As constantes descargas poluentes nos rios (Santa Maria da Feira)

(Artigo de opinião originalmente publicado no Jornal N em janeiro 2021)

Ilustração de Rachel Gleaves

O verão passado ficou marcado, no nosso concelho, por diversos atentados ambientais. Houve para todos os “gostos”. Registaram-se fogos, problemas com a recolha de lixo e higienização de estruturas de apoio e ainda as já tradicionais descargas poluentes, das quais se destaca as ocorridas nos rios Uíma e Cáster. Este inverno não tem sido melhor.

Relativamente às descargas poluentes para os cursos de água, se por um lado é verdade que estas têm diferentes origens e não se pode descartar as responsabilidades dos prevaricadores, por outro lado, também não se pode descartar as responsabilidades das entidades responsáveis que deveriam fiscalizar e fazer cumprir a legislação em vigor, mas que pouco têm feito.

Desta feita, o ano começou como acabou, com descargas poluentes no rio Cáster, no centro da cidade de Santa Maria da Feira, exatamente no mesmo local onde no verão já se tinham registado outras descargas. Ou seja, a este nível, pode-se concluir que nada foi feito.

Parece evidente que enquanto as fiscalizações e punições não forem efetivas, os prevaricadores continuarão as suas ações. Daí que a realidade nos remeta, uma vez mais, para, a nível local, a necessidade de uma maior fiscalização e ação por parte da autarquia. Já no panorama nacional, remete-nos para a necessidade de políticas que visem a preservação dos rios, que devem passar pela dotação de mais meios técnicos e humanos do SEPNA (Serviço de Proteção da Natureza e do Ambiente) que permita que este desenvolva mais ações e de forma mais abrangente.

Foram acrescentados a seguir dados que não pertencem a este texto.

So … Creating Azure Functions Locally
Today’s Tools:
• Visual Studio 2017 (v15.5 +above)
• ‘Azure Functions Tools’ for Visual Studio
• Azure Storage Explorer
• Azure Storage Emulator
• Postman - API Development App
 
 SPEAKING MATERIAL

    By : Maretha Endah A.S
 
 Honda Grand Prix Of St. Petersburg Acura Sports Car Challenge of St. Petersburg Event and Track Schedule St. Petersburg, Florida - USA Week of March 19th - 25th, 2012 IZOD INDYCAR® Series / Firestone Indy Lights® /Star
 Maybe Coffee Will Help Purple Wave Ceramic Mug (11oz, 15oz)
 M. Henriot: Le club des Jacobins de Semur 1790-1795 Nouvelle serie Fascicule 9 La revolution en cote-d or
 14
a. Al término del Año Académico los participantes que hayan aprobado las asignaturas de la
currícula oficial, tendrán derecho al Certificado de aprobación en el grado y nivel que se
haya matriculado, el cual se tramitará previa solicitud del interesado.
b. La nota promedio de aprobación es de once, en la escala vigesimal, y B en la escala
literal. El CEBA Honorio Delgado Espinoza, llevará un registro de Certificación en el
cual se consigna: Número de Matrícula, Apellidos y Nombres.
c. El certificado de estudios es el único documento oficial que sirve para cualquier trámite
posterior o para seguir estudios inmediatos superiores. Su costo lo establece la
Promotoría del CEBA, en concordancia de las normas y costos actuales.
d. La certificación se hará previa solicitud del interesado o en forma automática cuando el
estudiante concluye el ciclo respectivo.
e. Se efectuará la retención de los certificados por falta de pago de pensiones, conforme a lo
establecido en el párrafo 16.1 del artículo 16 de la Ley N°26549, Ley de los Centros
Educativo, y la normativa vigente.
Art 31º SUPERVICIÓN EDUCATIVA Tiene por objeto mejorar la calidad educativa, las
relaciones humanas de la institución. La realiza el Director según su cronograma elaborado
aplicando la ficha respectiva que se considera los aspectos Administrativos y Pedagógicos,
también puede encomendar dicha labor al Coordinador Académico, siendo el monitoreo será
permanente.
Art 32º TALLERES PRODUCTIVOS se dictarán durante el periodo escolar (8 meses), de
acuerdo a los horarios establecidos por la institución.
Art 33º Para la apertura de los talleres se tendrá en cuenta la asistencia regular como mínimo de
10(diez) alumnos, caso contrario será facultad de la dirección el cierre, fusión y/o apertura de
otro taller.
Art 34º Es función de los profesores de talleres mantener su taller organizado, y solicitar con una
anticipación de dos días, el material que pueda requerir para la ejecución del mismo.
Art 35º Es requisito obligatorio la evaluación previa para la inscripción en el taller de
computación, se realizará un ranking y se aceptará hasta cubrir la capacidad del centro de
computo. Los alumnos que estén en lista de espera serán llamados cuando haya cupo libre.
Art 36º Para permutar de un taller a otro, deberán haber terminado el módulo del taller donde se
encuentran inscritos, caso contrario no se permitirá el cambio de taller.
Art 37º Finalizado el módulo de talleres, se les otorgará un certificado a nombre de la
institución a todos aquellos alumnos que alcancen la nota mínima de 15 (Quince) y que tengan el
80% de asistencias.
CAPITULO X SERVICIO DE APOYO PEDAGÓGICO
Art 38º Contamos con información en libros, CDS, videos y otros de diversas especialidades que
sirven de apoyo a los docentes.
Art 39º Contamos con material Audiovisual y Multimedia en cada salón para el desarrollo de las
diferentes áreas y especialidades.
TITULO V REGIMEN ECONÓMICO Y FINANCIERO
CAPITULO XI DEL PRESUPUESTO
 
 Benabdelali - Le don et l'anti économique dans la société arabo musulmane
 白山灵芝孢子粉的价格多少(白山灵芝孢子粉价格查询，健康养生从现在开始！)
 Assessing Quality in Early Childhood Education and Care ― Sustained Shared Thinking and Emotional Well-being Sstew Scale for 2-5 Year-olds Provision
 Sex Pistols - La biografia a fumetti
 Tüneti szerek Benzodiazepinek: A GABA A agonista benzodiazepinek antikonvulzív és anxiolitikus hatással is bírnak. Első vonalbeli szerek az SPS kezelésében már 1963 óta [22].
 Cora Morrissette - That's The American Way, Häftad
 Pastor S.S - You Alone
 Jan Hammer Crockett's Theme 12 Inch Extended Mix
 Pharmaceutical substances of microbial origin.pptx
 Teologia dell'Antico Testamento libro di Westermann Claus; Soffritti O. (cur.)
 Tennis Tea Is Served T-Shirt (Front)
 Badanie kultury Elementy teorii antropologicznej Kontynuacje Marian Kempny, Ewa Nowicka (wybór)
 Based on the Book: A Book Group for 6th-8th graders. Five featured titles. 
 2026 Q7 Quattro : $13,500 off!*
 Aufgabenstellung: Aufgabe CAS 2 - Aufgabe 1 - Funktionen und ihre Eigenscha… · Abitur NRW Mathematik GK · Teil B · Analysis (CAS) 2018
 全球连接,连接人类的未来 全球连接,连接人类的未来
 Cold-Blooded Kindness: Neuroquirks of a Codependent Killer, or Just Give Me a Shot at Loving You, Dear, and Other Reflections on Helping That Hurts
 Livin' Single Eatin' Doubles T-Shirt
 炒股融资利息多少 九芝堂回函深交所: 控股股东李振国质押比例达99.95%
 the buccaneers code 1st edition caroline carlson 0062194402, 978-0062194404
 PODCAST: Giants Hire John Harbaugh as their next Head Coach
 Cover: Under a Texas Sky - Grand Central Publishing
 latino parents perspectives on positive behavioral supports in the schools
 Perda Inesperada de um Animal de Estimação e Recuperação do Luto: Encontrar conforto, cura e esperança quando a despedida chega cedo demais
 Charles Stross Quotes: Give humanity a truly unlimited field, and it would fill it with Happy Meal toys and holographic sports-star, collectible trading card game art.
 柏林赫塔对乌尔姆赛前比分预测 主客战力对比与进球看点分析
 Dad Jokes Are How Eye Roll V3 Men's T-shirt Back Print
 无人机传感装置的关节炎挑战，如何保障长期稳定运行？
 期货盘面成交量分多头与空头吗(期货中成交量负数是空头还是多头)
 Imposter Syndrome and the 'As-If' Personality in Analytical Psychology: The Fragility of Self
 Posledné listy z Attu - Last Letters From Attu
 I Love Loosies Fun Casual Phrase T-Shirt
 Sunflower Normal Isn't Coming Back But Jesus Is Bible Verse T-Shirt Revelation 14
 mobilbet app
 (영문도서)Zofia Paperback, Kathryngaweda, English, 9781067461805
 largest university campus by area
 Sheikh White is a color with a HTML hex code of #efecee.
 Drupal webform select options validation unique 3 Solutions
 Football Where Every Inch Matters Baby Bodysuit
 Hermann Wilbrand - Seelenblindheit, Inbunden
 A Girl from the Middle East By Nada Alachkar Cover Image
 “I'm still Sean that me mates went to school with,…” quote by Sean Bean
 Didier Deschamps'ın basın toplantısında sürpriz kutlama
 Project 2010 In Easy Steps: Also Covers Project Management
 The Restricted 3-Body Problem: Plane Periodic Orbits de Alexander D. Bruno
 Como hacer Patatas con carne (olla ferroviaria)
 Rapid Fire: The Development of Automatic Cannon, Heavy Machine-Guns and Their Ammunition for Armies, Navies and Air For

A par desta medida, é necessário a abertura de concursos para guarda-rios – profissão extinta em 1995 pelo Governo de Cavaco Silva e cuja a sua recuperação foi aprovada em 2019 na Assembleia da República, mas permanece ainda sem concurso aberto.

Os guarda-rios assumiram, no passado, um papel central na gestão das áreas pertencentes ao Domínio Público Hídrico. No início do século passado o território hidrológico estava dividido em cantões, centrados na bacia-vertente como unidade de planeamento. Isto permitia um melhor desempenho dos guarda-rios no exercício das suas funções. A estes cabia a função polivalente de guarda, vigilância, proteção e conservação dos rios, ribeiros, canais, valas, pontes e aquedutos, assim como dos marcos quilométricos e higrométricos, passando pela fiscalização da extração clandestina das areias, da pesca clandestina, do corte de árvores, situações de depósito de resíduos e de descargas de águas residuais, entre outras.

Outro aspeto que deveria ser acautelado é a necessidade de após uma descarga poluente ser garantida a normalização do curso de água. No entanto, uma vez mais as entidades responsáveis e a autarquia em particular falharam. Recordo a situação vivida nas Caldas de São Jorge, onde se não fosse a ação cívica de alguns cidadãos da freguesia, os peixes mortos pelas sucessivas descargas poluentes teriam apodrecido nas margens do rio.

A política ambiental tem de passar por uma abordagem ampla de ações de sensibilização, educação, fiscalização e em último caso punição, assim como pela exigência da restituição do ambiente afetado. No entanto, as grandes parangonas ambientais de muitos municípios parecem ser a construção de mais passadiços que nos levam a visitar cursos de água que são constantemente prevaricados.

Estamos ainda longe de ter cursos de água saudáveis que permitam o desenvolvimento de flora e fauna e muito se deve à inoperância das autarquias nesse sentido, tantas vezes coniventes com o crime. No caso concreto do rio Cáster, tratando-se de uma descarga que ocorre praticamente sempre no mesmo local, em pleno centro da cidade de Santa Mara da Feira, a poucos metros da Câmara Municipal, é no mínimo incompreensível.

Não se sabe se melhores dias virão, mas para já denunciar estes problemas é da responsabilidade de todos, assim como a ação para os evitar.